The other problem is that a mould like substance forms in the permanent wet zone, the smell of this is that stale air smell you get in some old bathrooms. 
Hope this helps. 
Good luck.  :Smilie:   
Shower bases that are waterproofed after the screed do not have this problem

----------


## zzkazu

Thanks OldSaltoz,  our old bathroom had this smell as water was sitting on the tin base. 
Noting I'm more inclined for overkill is it worthwhile waterproofing before and after screed installation just in case the top membrane fails? 
thanks for the wisdom...

----------


## Oldsaltoz

> Thanks OldSaltoz,  our old bathroom had this smell as water was sitting on the tin base. 
> Noting I'm more inclined for overkill is it worthwhile waterproofing before and after screed installation just in case the top membrane fails? 
> thanks for the wisdom...

  In all my years as a waterproofer I have never ever put a double seal down, and we provide a written no fuss warranty. 
Get a professional and avoid the worry. 
Good luck  :Smilie:

----------


## smacd3010

> you don't really need onea puddle flange with a concrete slab, they are more for fixing to fibre cement floors.  
> cheers pulse

  not too sure about that one - i thought that in victoria a puddle flange was a no-no in bathroom floors but in NSW it was a must? - I'd check what your state requirments are just in case - it'd be a right pain to not install one then find out at inspection that it was a requirement. 
this is just from conversation with a builder giving me a hand to get my place finished on time (got to love it when work cancels your two months of leave and you try and build a house/shed around shift work  :Rofl5:

----------


## Oldsaltoz

> not too sure about that one - i thought that in victoria a puddle flange was a no-no in bathroom floors but in NSW it was a must? - I'd check what your state requirments are just in case - it'd be a right pain to not install one then find out at inspection that it was a requirement. 
> this is just from conversation with a builder giving me a hand to get my place finished on time (got to love it when work cancels your two months of leave and you try and build a house/shed around shift work

  The Australian Standard advised puddle flanges are required on all waste outlets on timber floors, this includes timber floors with tile underlay over them. 
It's also important to recess the flange when fitting so water will drain properly.
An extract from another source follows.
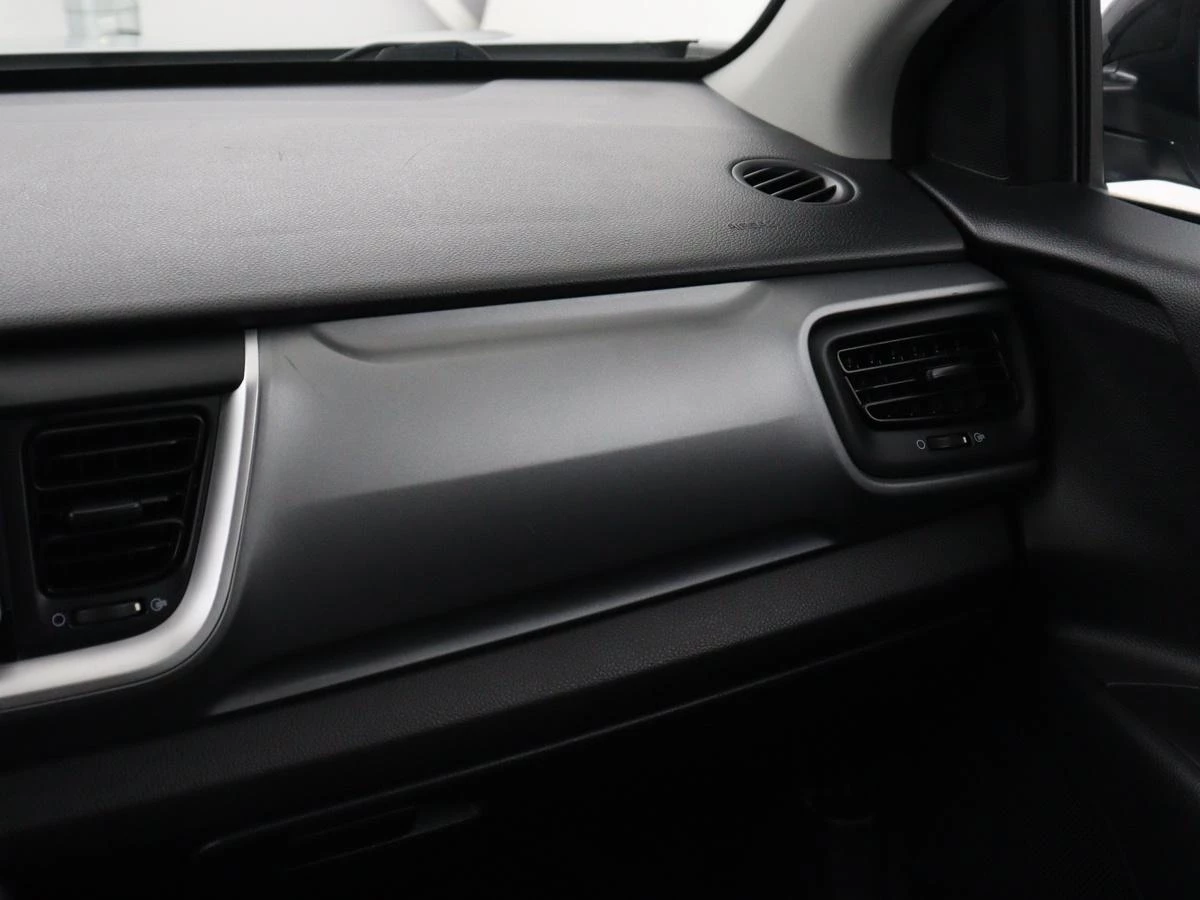 Hoofdafbeelding Kia Stonic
If installing one under tile underlay, use the flange to draw a circle on the underlay and cut 20 mm outside the line, this will recess the flange and leave a good area for sealing compound before waterproofing. 
All timber floors must be fully sealed, 
Compressed fibre sheet also has to have a flange installed, marl the floor using the puddle flange and grind 4 mm down (I use a cup grinder) this will recess the flange befor sealing the full fill floor. 
Good luck.  :Smilie:

----------